Name: _________________________________________
This lab will demonstrate the use of computer programs as experimental tools for solving problems. Utilizing a Web page with embedded JavaScript code, you will perform experiments with word distributions and attempt to estimate the number of words with certain properties. Many of the labs in this course will similarly emphasize the use of computers for modeling complex phenomena or for analyzing data, and so will help to develop empirical skills such as formulating reasonable hypotheses, designing experiments, executing them, and critiquing the results.
The Web page www.dickinson.edu/~cs131/Labs/randSeq.html contains JavaScript code for generating random sequences of letters. By default, clicking on the button labeled "Click to generate letter sequences" within the page will generate and display a single sequence of 3 random letters, e.g., "syk". By changing a value in the appropriate box, however, the number of random sequences, the length of each sequence, and even the possible letters in each sequence can be changed.
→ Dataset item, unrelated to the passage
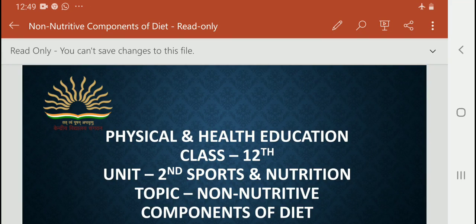Hi dear student, how are you? Today I am going to talk about non-nutritive components of diet. You have already read about the nutritive diet, but now you have to read about non-nutritive components of diet and what are the importance of these non-nutritive components of diet.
EXERCISE 1: Load this page into a separate browser window. Generate 10 random sequences of 3 letters and list them below. Were any of the 10 sequences real English words? Would you expect them to be?
EXERCISE 2: Modify the appropriate value in the page to generate 10 random sequences of 4 letters and list them below. Were any of the 10 sequences real English words? Would you expect them to be? Would you expect a 4-letter word be more or less likely than a 3-letter word? Explain.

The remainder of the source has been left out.